• [Work to be completed]:
Your answer must consist of the records exactly as given, with no pictures included.

*** Exercise material Section Begins ***

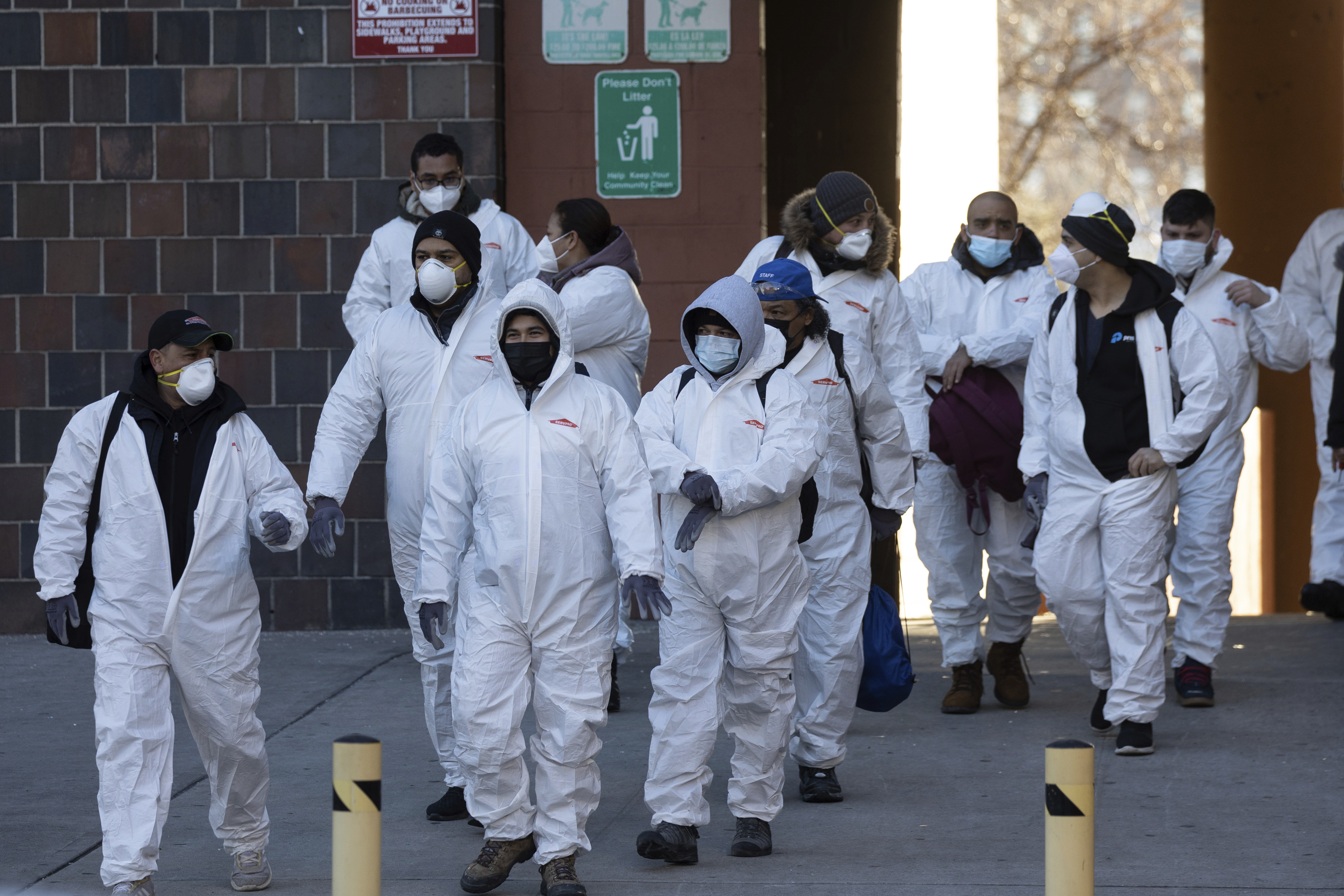 Cleaning and recovery crews in hazmat suits arrived on Monday to help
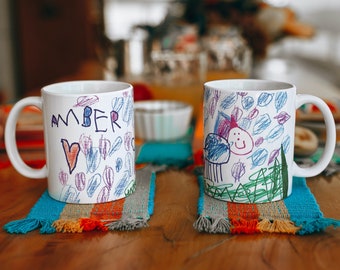May include: Two white ceramic mugs with colorful drawings on them. The mug on the left says "Amber" and the mug on the right has a drawing of a person with a smiley face. Both mugs are sitting on colorful woven placemats.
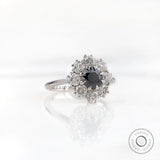 Angled front view showing black center with bright moissanite halo cluster.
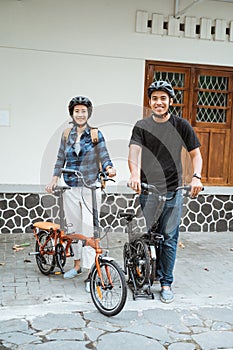 Asian young couples prepare folding bikes and wear helmets before going out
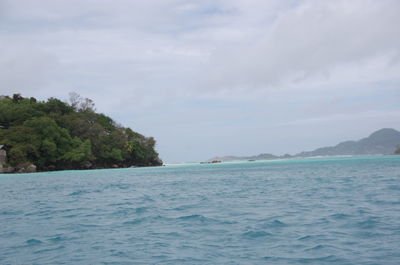 Scenic view of sea against cloudy sky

*** Exercise material Section Ends ***

• [Reply]:
 Cleaning and recovery crews in hazmat suits arrived on Monday to help
May include: Two white ceramic mugs with colorful drawings on them. The mug on the left says "Amber" and the mug on the right has a drawing of a person with a smiley face. Both mugs are sitting on colorful woven placemats.
 Angled front view showing black center with bright moissanite halo cluster.
 Asian young couples prepare folding bikes and wear helmets before going out
 Scenic view of sea against cloudy sky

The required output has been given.